Nos bastidores, ministros viram uma tentativa de lançar pressão
midiática sobre o tribunal, principalmente em razão da transmissão ao vivo do
encontro pelas redes sociais. Um dos magistrados afirmou que o ato do
presidente ocorre para “tentar dividir responsabilidades” com o Poder
Judiciário diante da crise que pode levar a uma recessão econômica. No entanto,
ele entende que o papel do STF não é planejar ou avaliar previamente os atos do
Executivo, mas, sim, manifestar-se apenas quando provocado. “Se o presidente
abrir os segmentos essenciais, e isso for questionado, o Judiciário vai ouvir a
ciência, as autoridades sanitárias, sem prejuízo de uma postura
consequencialista: vai mesmo faltar alimento? Aí, isso precisa ser ponderado. É
importante lembrar que o Supremo não é o presidente apenas, são 11 ministros
que julgam conforme os fatos postos”, frisou.
Convocação
No Palácio do Planalto, o grupo de 15 empresários traçou um cenário
preocupante e disse ter planos de como poderia retomar a atividade econômica.
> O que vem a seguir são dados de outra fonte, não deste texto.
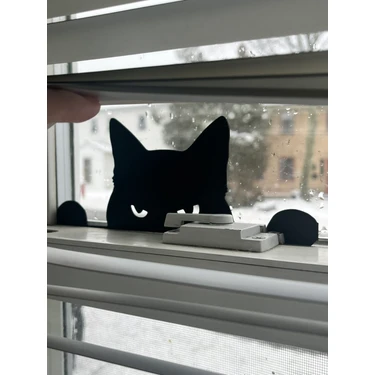 3Dekor Siyah Kedi Silüeti Pencere
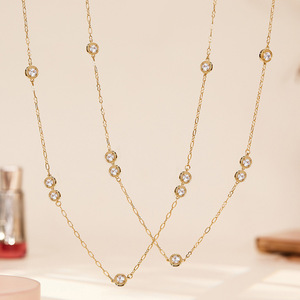 Elegante Collar de Circonia Cúbica Chapado en Oro de 18K, Cadena de Eslabones Clásica para Mujer, Joyería para Uso Diario, Accesorio para Fiestas - Product Image 1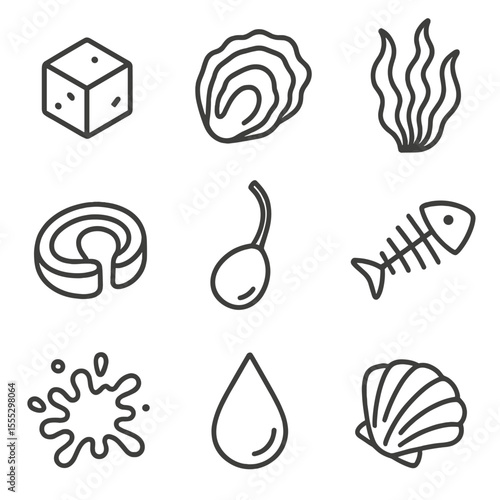 Oceanic Flavor Icons. Line style icons of Salty Oceanic Flavors: sea salt crystal, oyster shell, seaweed piece, anchovy fillet,
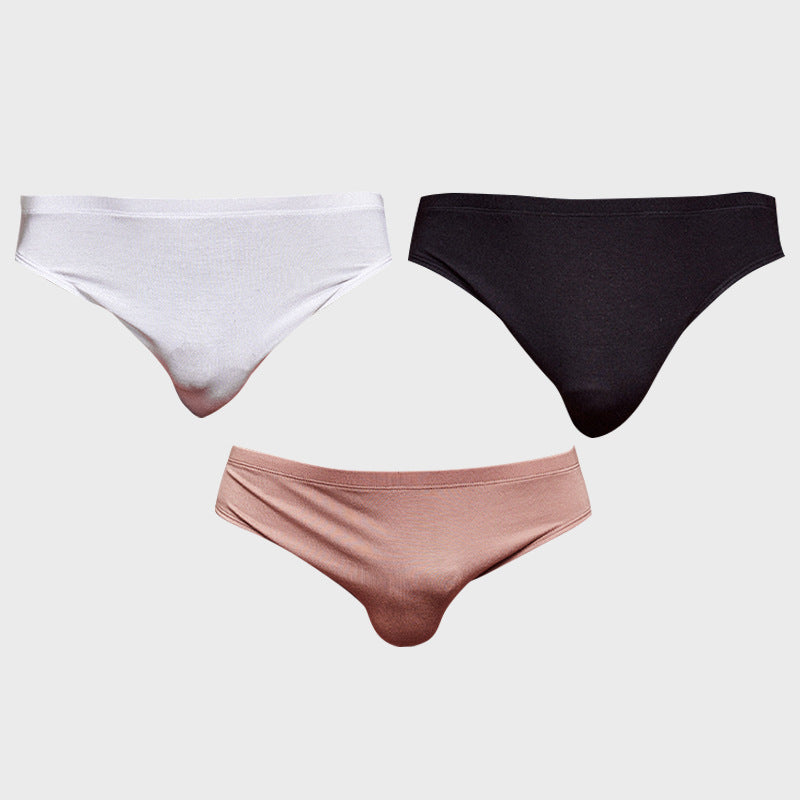 METOIN Men's Modal Triangle Briefs Pack of 3 - Low Rise Solid Color Sports Fit (AD315)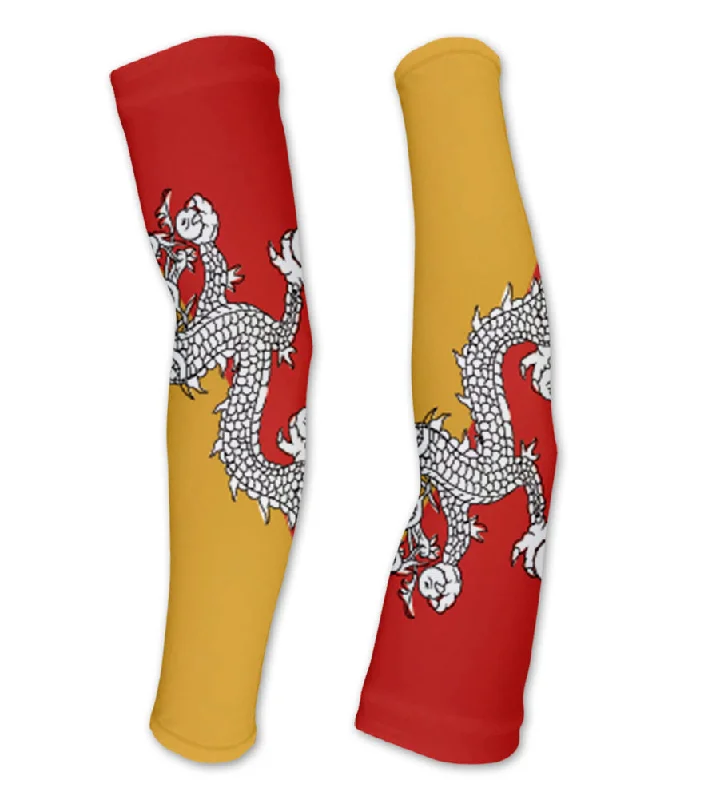 vintage style sleeve-Bhutan Flag Compression Arm Sleeves UV Protection Unisex - Walking - Cycling - Running - Golf - Baseball - Basketball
Foi nesse momento que Bolsonaro questionou os presentes se concordariam em
atravessar a Praça dos Três Poderes e ir até o STF apresentar os mesmos dados.
Os ministros Paulo Guedes (Economia), Walter Braga Netto (Casa Civil), Luiz
Eduardo Ramos (Secretaria de Governo), Fernando Azevedo (Defesa) e o senador
Flávio Bolsonaro (Republicanos-RJ), filho do presidente, integraram a comitiva.
Mais tarde, Bolsonaro frisou que tomou aquela atitude porque não poderia ficar
“esperando” de braços cruzados uma decisão do Supremo.